Hint: \({p}=\frac{\Delta {I}}{{c}}\)

Step 1: Find the radiation pressure.
Radiation pressure \((p)\) is the force exerted by an electromagnetic wave on
the unit area of the surface, i.e., the rate of change of momentum per unit area of the surface.
The momentum per unit time per unit area is given by; 
\(\Rightarrow \frac{\text { Intensity }}{\text { Speed of wave }}=\frac{{I}}{{c}}\)
Then, radiation pressure is; \(p= \frac{\Delta I}{c}\)
Also, the momentum of the incident wave per unit time per unit area = \(\frac{{I}}{{c}}\)

Step 2: Find the radiation pressure for the absorbed wave.

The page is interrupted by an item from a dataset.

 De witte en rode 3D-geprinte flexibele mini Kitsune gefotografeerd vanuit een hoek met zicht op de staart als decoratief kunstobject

When the wave is fully absorbed by the surface, the momentum of the reflected
wave per unit time per unit area \(=0\)
Then, radiation pressure \((p)= \) change in momentum per unit time per unit area 
\(\Rightarrow \frac{\Delta {I}}{{c}}=\frac{{I}}{{c}}-0=\frac{{I}}{{c}}\)

Step 3: Find the radiation pressure for the reflected wave.

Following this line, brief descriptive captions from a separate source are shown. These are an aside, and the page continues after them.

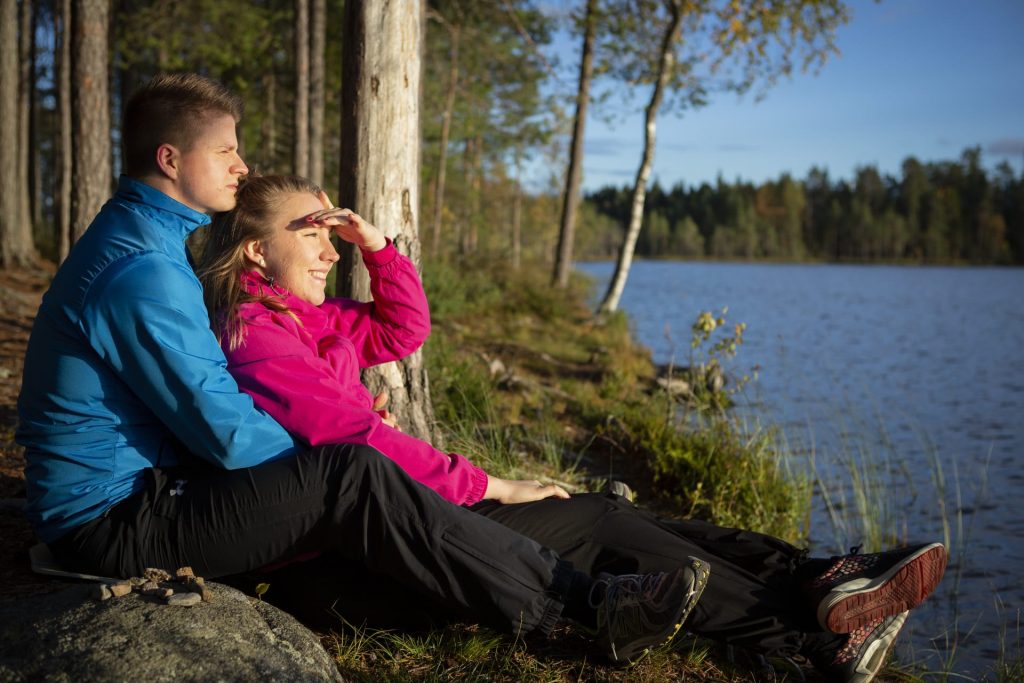 Nuoripari istuu sylikkäin järven rannalla ja katsoo horisonttiin.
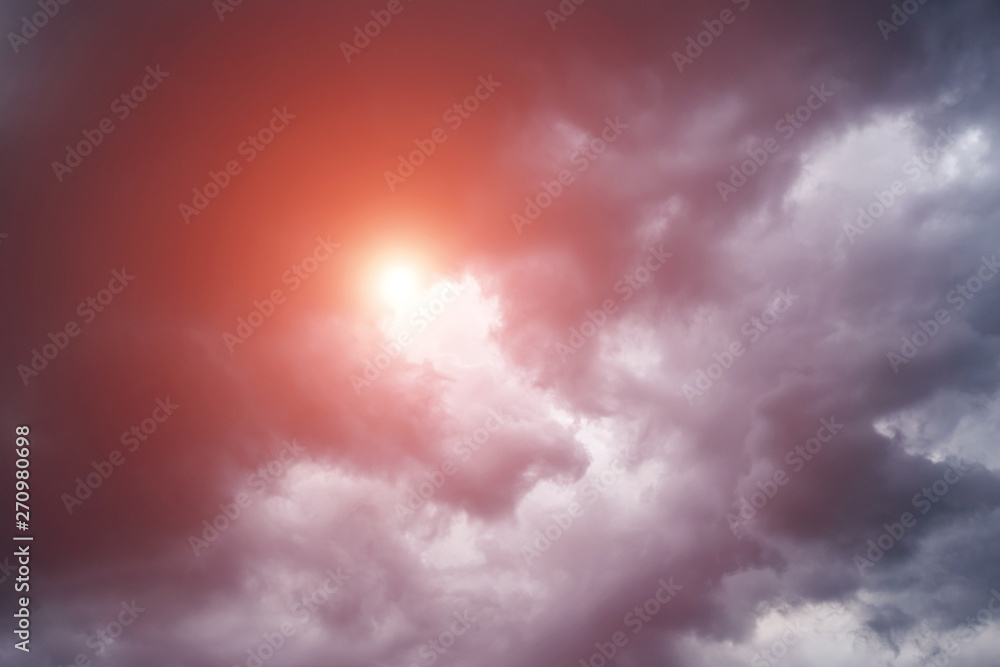 Epic scenic storm dark clouds background with sun and orange sunlight. Darkness and light	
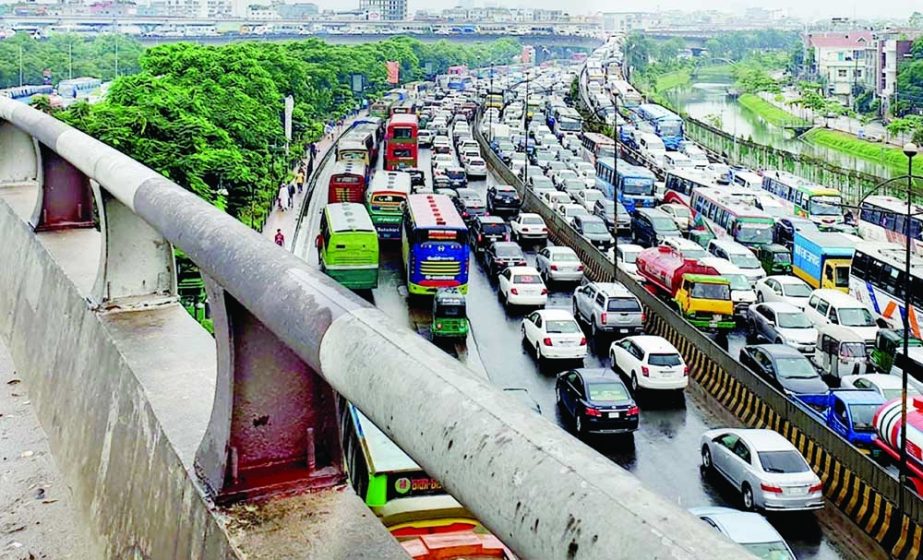 Traffic gets completely clogged on Airport Road in the capital on Tuesday, after rains lashed the city since morning under the influence of low pressure over the Bay of Bengal. NN photo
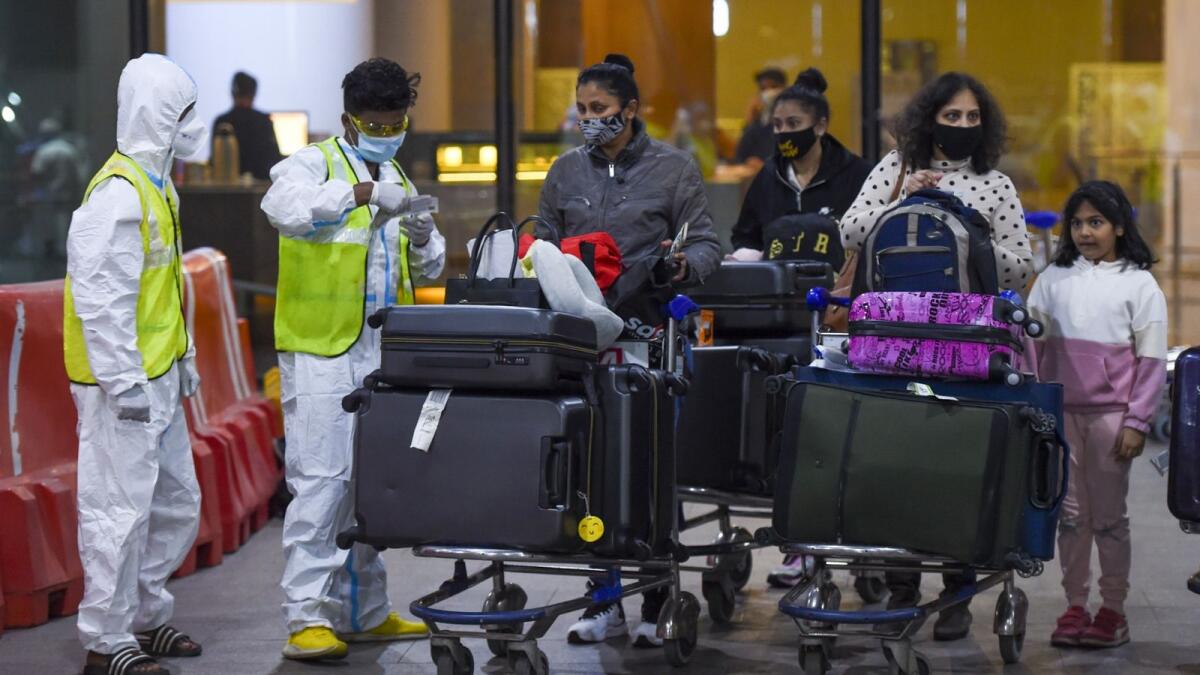 Health workers keep vigil as passengers exit the Chhatrapati Shivaji International Airport upon their arrival from London in Mumbai on December 22, 2020. (Photo by Punit PARANJPE / AFP)
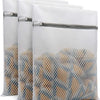Set of three reusable mesh laundry bags filled with delicate items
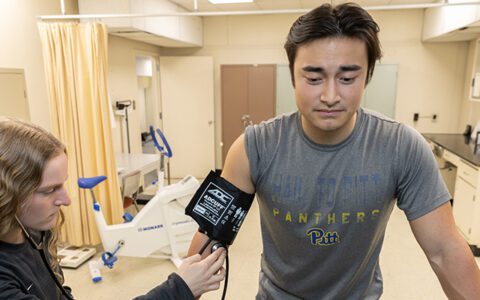 Two students conduct a stress test on a treadmill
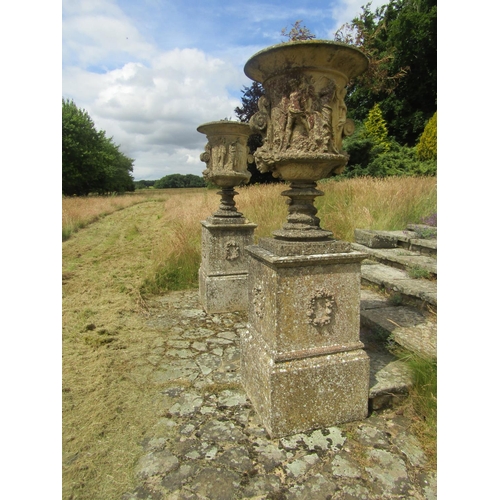 1097 - A monumental pair of 19th century weathered composition stone garden urns, raised on associated plin... 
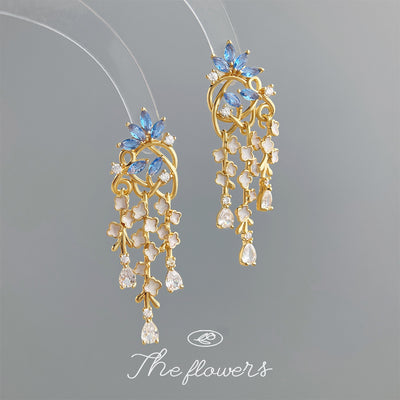 Gold blue flower cascade tassel earrings on clear acrylic stands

When the wave is totally reflected, then the momentum of the reflected wave per
unit time per unit area = \(-\frac{I}{ c}\)

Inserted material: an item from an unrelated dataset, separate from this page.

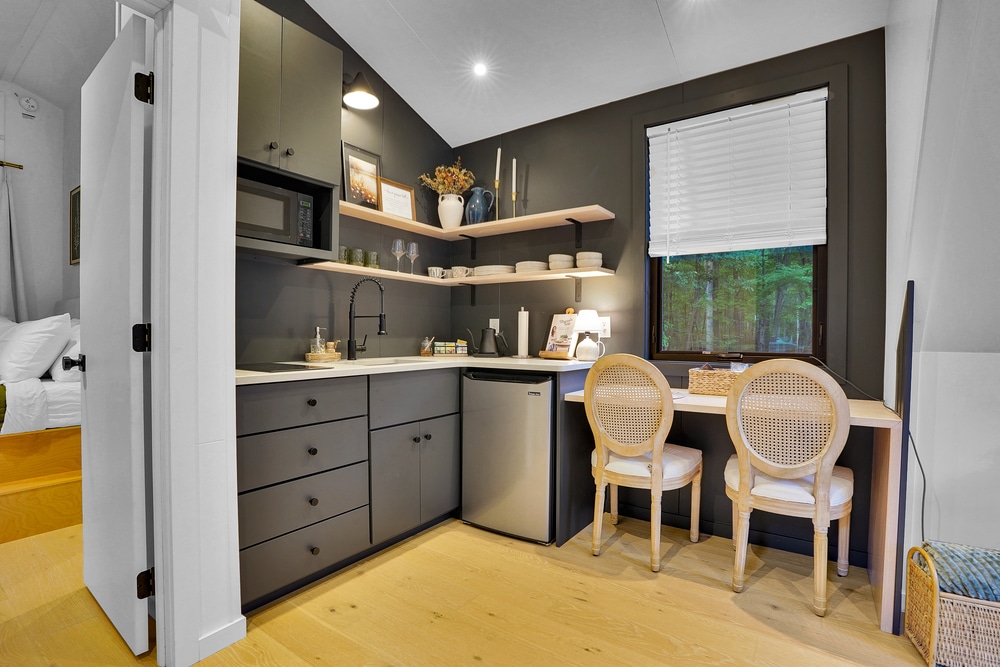 kitchen and dining area of a frame park model tiny home in Huntingdon Pa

The radiation pressure will be; \(\Rightarrow \frac{I}{c}-\left(-\frac{I}{c}\right)=\frac{2 I}{c}\)
It is evident that  \( p\) lies between \(\frac{I}{c}\) and \(\frac{2I}{c}\) for a real surface, as the wave is partially reflected
by a real surface. Therefore, statements a, c, and d are valid under the given conditions.
Hence, option (3) is the correct answer.